• _Task directions_
Tell me how many lines of the entries below include the string "Hotel", and give only the number.

☆ ☆ ☆ ☆

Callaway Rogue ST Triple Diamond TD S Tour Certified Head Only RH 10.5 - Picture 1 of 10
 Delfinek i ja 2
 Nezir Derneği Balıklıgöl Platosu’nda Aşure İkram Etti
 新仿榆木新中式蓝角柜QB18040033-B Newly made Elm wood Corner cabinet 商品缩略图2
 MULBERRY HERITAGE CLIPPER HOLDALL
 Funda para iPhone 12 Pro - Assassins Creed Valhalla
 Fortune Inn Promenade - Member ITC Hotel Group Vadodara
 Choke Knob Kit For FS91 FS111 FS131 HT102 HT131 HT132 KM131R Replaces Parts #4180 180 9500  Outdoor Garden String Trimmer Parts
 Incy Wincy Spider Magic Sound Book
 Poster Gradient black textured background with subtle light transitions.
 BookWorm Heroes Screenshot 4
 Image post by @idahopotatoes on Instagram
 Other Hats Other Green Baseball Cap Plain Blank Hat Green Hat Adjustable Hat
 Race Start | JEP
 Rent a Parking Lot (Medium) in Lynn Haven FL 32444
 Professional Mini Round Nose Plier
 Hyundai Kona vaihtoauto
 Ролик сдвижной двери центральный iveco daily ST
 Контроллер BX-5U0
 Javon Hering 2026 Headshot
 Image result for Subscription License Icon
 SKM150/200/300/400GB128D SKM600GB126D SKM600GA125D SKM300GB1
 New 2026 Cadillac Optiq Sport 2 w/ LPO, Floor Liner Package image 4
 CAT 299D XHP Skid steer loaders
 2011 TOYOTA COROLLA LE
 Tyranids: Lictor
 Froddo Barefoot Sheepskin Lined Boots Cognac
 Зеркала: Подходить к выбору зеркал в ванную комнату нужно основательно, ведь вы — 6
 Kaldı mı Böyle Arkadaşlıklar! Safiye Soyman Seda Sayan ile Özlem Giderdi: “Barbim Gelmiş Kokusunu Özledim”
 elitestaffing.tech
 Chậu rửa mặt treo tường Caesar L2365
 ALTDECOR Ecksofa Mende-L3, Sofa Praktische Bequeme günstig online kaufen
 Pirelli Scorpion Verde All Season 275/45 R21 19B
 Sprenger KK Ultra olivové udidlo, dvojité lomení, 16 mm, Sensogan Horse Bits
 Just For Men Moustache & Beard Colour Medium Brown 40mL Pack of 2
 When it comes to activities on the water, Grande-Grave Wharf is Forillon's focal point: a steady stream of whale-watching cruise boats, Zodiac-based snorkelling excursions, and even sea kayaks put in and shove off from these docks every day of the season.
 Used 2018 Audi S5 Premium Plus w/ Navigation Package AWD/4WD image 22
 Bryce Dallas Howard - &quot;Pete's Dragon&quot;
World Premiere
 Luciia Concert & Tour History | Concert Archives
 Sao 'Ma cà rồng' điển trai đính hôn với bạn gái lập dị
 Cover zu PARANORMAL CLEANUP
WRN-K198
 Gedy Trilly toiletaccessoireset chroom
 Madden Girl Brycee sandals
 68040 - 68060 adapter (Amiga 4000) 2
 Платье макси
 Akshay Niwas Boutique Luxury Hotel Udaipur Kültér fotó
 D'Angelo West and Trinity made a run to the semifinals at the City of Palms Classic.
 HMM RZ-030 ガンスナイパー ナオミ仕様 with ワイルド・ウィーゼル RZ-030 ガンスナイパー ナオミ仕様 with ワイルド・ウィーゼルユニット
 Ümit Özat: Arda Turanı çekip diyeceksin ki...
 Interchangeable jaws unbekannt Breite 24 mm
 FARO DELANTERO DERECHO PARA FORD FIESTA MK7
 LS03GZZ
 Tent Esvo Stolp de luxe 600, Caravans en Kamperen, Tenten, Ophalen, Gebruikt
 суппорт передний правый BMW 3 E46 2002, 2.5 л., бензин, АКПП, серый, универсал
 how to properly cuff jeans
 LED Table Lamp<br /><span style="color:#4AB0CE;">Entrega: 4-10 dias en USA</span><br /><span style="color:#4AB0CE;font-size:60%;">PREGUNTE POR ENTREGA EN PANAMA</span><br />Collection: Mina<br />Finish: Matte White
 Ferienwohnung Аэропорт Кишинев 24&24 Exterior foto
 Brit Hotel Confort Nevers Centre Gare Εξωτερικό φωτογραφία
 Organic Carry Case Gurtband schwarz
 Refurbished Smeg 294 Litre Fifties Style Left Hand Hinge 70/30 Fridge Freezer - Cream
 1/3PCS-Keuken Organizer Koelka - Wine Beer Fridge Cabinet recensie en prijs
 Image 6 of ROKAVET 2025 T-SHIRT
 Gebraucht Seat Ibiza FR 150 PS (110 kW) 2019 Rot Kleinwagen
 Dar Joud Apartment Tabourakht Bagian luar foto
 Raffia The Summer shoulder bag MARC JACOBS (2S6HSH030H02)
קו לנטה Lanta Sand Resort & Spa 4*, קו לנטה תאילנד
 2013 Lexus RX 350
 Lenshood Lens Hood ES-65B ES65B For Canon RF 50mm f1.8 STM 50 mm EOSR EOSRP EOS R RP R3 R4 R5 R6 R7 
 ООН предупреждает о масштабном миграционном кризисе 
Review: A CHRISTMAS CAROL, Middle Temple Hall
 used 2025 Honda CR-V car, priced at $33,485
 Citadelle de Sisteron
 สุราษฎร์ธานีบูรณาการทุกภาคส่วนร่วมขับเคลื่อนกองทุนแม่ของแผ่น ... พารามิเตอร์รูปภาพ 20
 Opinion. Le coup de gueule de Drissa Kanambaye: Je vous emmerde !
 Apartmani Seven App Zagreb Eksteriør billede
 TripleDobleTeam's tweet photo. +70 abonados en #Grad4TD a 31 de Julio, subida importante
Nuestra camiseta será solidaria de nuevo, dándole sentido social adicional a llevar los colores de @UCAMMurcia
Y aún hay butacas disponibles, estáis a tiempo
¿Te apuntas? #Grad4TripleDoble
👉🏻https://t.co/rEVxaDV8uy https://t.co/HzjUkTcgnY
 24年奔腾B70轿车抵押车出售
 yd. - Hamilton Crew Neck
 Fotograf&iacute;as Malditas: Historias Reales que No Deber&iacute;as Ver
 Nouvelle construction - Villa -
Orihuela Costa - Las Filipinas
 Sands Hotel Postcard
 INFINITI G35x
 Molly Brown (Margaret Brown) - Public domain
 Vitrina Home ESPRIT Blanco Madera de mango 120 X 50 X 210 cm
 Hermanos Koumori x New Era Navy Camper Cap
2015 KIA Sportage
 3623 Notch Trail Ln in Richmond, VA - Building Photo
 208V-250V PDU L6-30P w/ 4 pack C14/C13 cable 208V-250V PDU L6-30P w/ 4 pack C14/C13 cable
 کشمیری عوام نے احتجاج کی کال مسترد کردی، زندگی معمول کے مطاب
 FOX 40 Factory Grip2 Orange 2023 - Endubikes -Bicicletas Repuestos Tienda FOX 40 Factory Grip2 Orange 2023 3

☆ ☆ ☆ ☆

• _Result of this exercise_
4